We hear the words blogger and influencer bandied around a lot. The fashion industry is no longer solely governed by magazine or newspaper editors– today’s catwalk front rows are peppered with a mix of journalists, stylists and celebrities – and those that fit somewhere in-between.
While the internet has infinite space, there’s not much out there outlining the distinctions between each role and who decides what is fashion. As you may have read, the birth of these new players has caused tension among the industry, but in an ever-changing fashion world there is, of course, room for all. Confusingly, there are a lot of overlaps, but allow us to break it down…
The easiest way of describing a blogger is someone who is known primarily for their website – it might be photo-based like Tommy Ton or The Sartorialist – or written, such as Susannah Lau of Style Bubble or Chiara Ferragni of The Blonde Salad. When they first emerged over a decade ago, it marked a huge milestone in terms of democratising the fashion industry. Fashion bloggers have a point of view, a certain taste and a unique way of presenting and documenting fashion – whether visual or written.
The most successful of these have learnt to monetise their blogs in terms of advertising, campaigns and brand projects. Some bloggers are also known as influencers because of the success of their blogs (take Ferragni, who is a brand now in her own right). The future of blogging is unsure – some (Pernille Teisbaek, for example) are closing their blogs because of a dip in traffic, thanks to the rise of Instagram.
Influencers don’t typically have blogs or their own platforms outside of social media. In the past they would have been called ‘It girls’ – they’re paid to attend fashion shows, designer dinners and fashion parties because it earns the brand kudos to have them there. Currently, the worth of an influencer is rooted in how many followers they have and who their followers are – if his or her Instagram Insights indicate that their following is loyal, wealthy and aged between 25 and 35, then they’re in luck.
Brands pay them to wear their clothes, which they wear on Instagram in their own way – charging typically between £2,000 and £5,000 per post, although those with millions of followers can charge more than £30,000. These sponsored posts legally need to be marked as such (which is where you’ll spot the #ad, #promo or #spon). Successful current influencers include Camille Charriere, Caroline Vreeland, Olivia Palermo and Harley Viera Newton. Both bloggers and influencers – if they’re really popular – become brands in their own right, launching their own fashion and/or accessory collections, or podcasts (Palermo, Ferragni and Viera Newton have all gone down this route).

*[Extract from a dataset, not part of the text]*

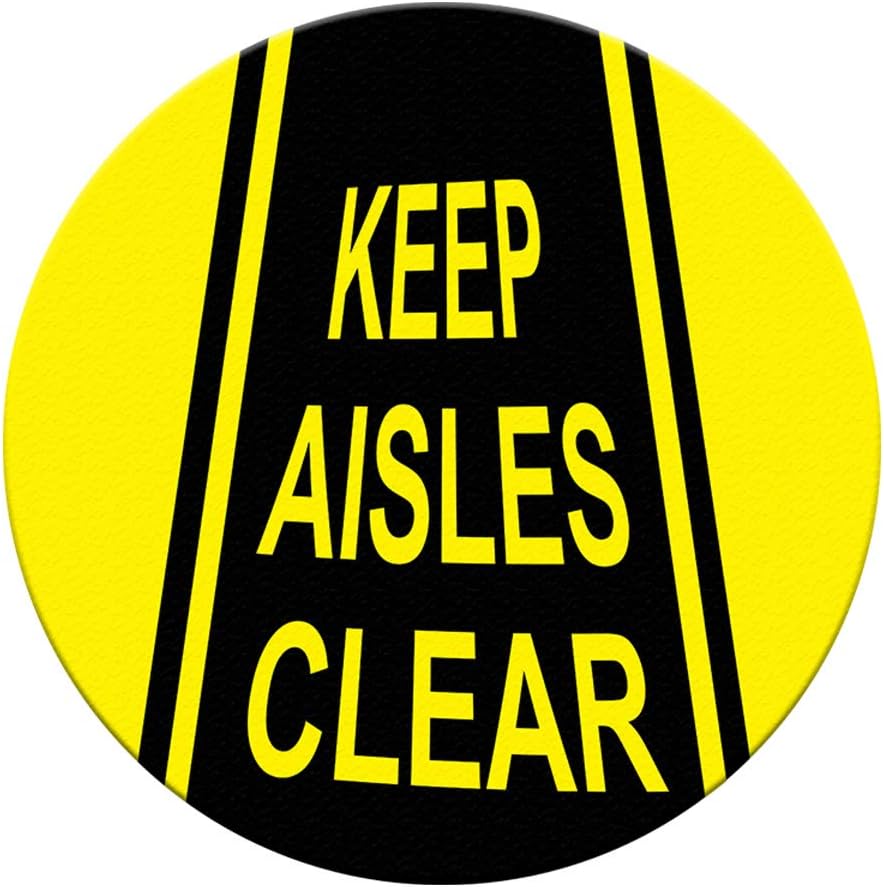Keep Aisle Clear Floor Decals Blue Black Anti-Slip Round Shape D Lifestyle Industrial Signs Stickers 17Inches Longer Side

This is easier to define. A fashion editor’s job is to deliver a vision of the fashion industry according to the tone and viewpoint of a certain magazine. They might style shoots or they might write features about trends or the people who make the industry, whether models and designers or photographers or stylish women. Historically, key editors held the front row positions – a marker of their importance – but they now share these seats with influencers and bloggers alike. A fashion editor will either be tied to one particular publication, for which they work exclusively, or be freelance and contribute to multiple different magazines, newspapers or websites.